A girlfriend of my son’s once said, “How sad that you’ve lived so much of your life away from the place you love.” I had been telling her of our hopes to retire out West, where I was raised. I quickly corrected her. “No, I love my life here! I’m not living for that ‘when.’ I’m always living for the now.”
After all, I bore and raised my son at the Jersey Shore, training myself not to say “coast,” and was lucky in every way to find my new family there; my husband’s family became mine, and I one of theirs. “Our” mother Judy spent the last years of her life living with us, something I only now am coming to fully appreciate, a blessing that amplifies as I age.
I thrived personally and professionally, so very fortunate, grateful in every way.
There is a bittersweet feeling as I slide this document in its envelope, strange as that is to say about anything tax-related, as I go—always forward, never back.
I like how you framed your reflection around the act of mailing your taxes.
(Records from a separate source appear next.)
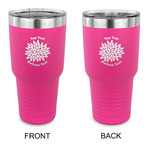 Mums Flower 30 oz Stainless Steel Tumbler - Pink - Double Sided (Personalized)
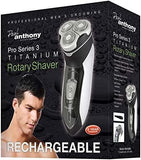Paul Anthony 'Pro Series 3' Mens USB Rotary Shaver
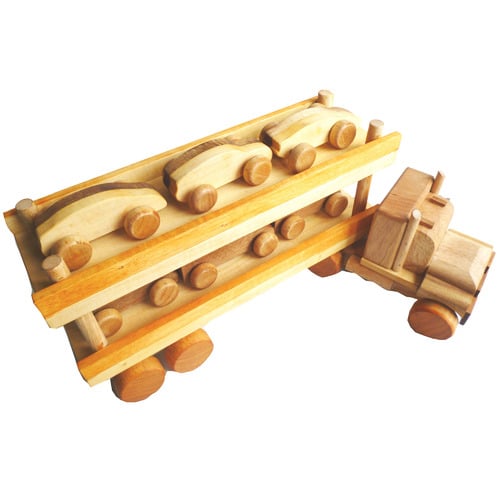 Handmade Wooden Car Transport Truck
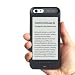 Produktbild InkCase i7 / i6 . 4.3 "E Tinte digitaler Schirmkasten für iPhone 7 / 6 / 6s Zweiter Schirm für iPhone eBook eReader (Für iPhone 6/6S)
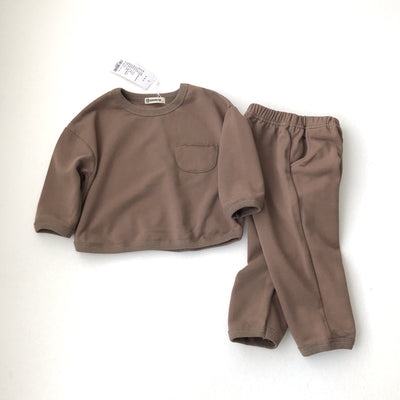 Conjunto Deportivo Infantil de Algodón - Sudadera y Pantalón - Image 4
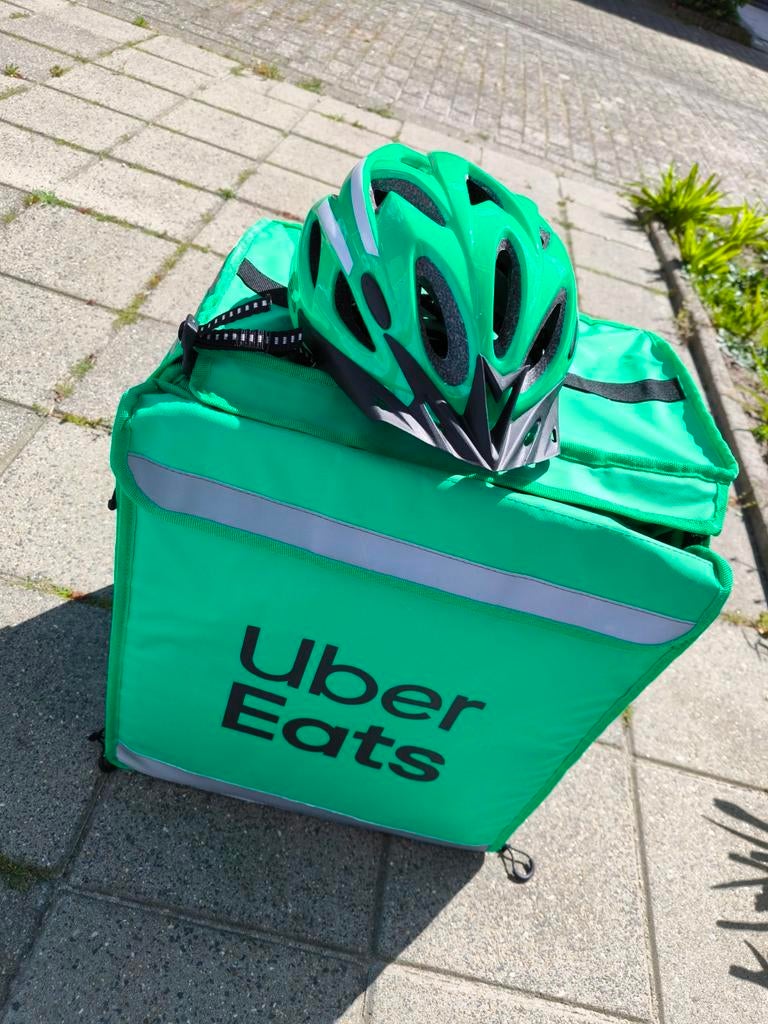 Uber eats Bag + Helmet, never used., Ophalen of Verzenden, Nieuw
It’s an annual act one might not even think about. Yet, it is a strong symbol for you today. Thanks for sharing your well-crafted reflection.
Thanks for reading.
“I’m always living for the now.” Just how it should me. So many people live in the past or in the future they envision that they forget to enjoy what they have at the moment. If we live in and enjoy the present we will have no regrets about where life takes us.
You know both coasts – so different, and each great in its own way, with unique memories and experiences. I’m an East Coast girl (grew up near Virginia Beach), but would love to visit Oregon sometime. I’ve been enjoying your descriptions of Oregon in your posts.
Thanks for reading. Oregon is in my heart, but my heart is in Jersey, too. As Stanley Kunitz says: “Oh, I have made myself a tribe/out of my true affections,/and my tribe is scattered.” (Sorry, I’m in a poetry frame of mind today.)